Thank you for your articles concerning Gary Thatcher's journalistic struggles in the USSR [Aug. 9 and 12]. Perhaps such encounters and the publication of them will lead to greater freedom of the press in the Soviet Union. Scott Higgins Oakland, Calif.
It is shocking to see that the Monitor, of all papers, would provide an accurate picture of the horror in Haiti and then claim in your report earlier this summer that ``Despite these problems, there are signs of progress'' [``Hastening Haitian political reform,'' July 25]. After all, religious persecution in Haiti is at its worst level ever. Only two days after the July 22 referendum, three Missionhurst priests were expelled from Haiti by order of the government. They had openly criticized the referendum over the church-run station, Radio Soleil. One of the priests ordered expelled, [The Rev.] Hugo Triest, was director of Radio Soleil. The station had to go off the air due to successful sabotage efforts upon the transformer and telephone lines.
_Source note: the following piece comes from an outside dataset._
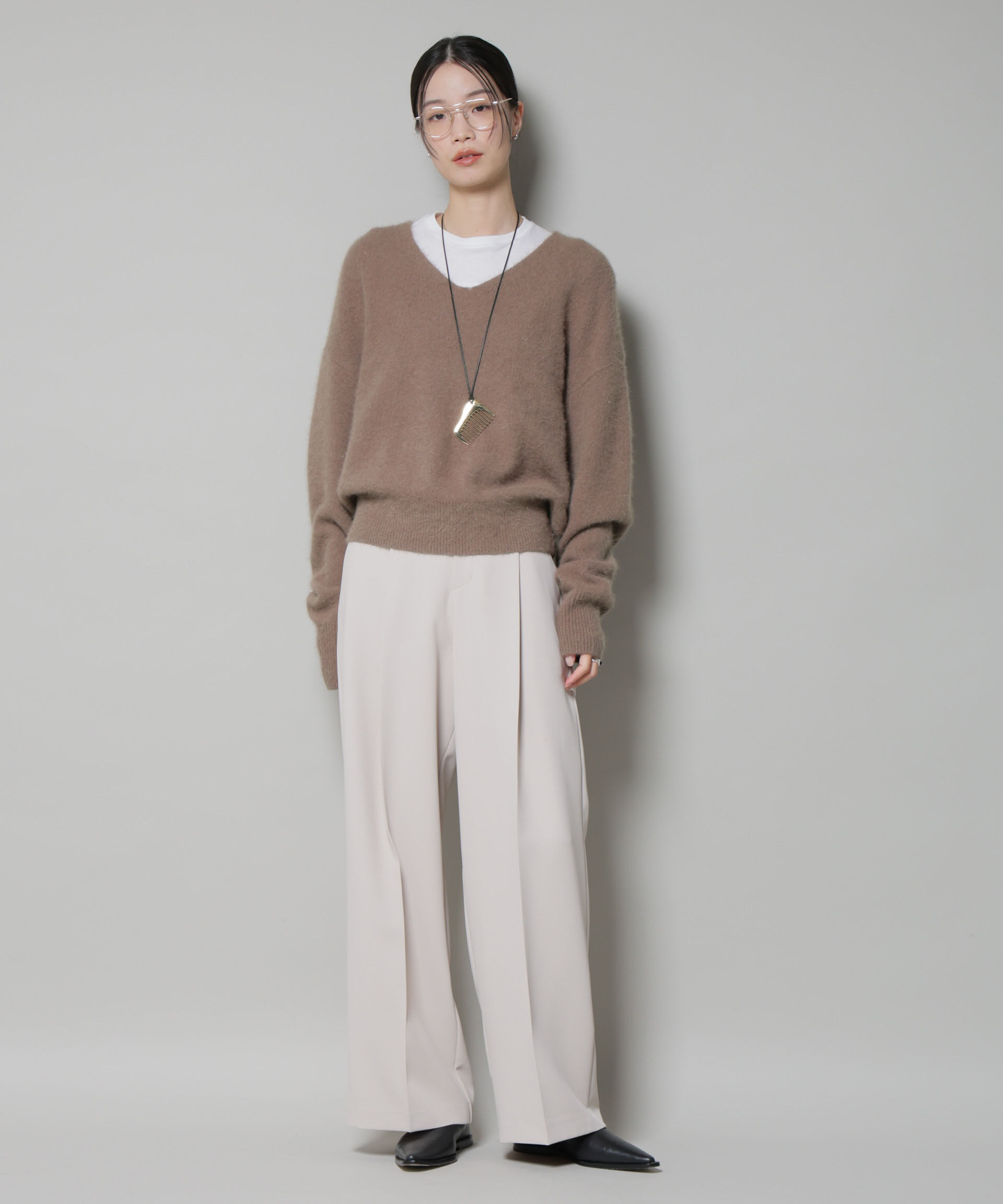 nano･universe「ウォッシャブルフォックスVネックニットプルオーバー」|ニット・セーター|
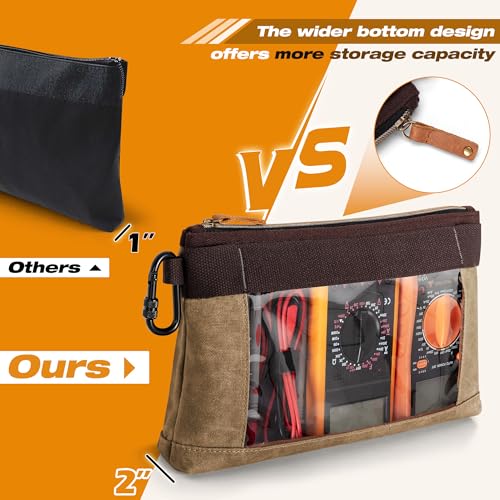 Marscamd 4 Pack Heavy Duty Tool Pouch with Carabiner, 12” Canvas Tool Pouch Bag with Clear Window (4 Colors: Black, Gray, Green, Khaki)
Furthermore, the July 22 referendum explicitly called for prohibiting all religious and social organizations from organizing any political party. This would in effect ban the Christian Democratic Party and the Social Christian Party, the two most popular opposition parties in the country.
In June dozens of Catholic lay workers were arrested and possibly abused for refusing to join the ``Jean-Claudiste Movement,'' Duvalier's political organization.
On April 22, [the Rev.] Emile Joseph narrowly escaped an assassination attempt when a member of the ``tonton macoutes'' opened fire on his offices.
These and other tragic occurrences, some of which you accurately described in your editorial, should be condemned in the strongest terms possible. Allan Ebert Washington Office on Haiti Washington
My thanks to John Young, Hattie Clark, and the Monitor for the two articles on homeless pets, Aug. 29. Here on Cape Cod, hundreds of cats and dogs are dumped after Labor Day. The fortunate ones are left at an animal shelter, the others abandoned to a usually tragic end.
Education is the best weapon against this terrible practice. Kathleen T. Crocker Falmouth, Mass.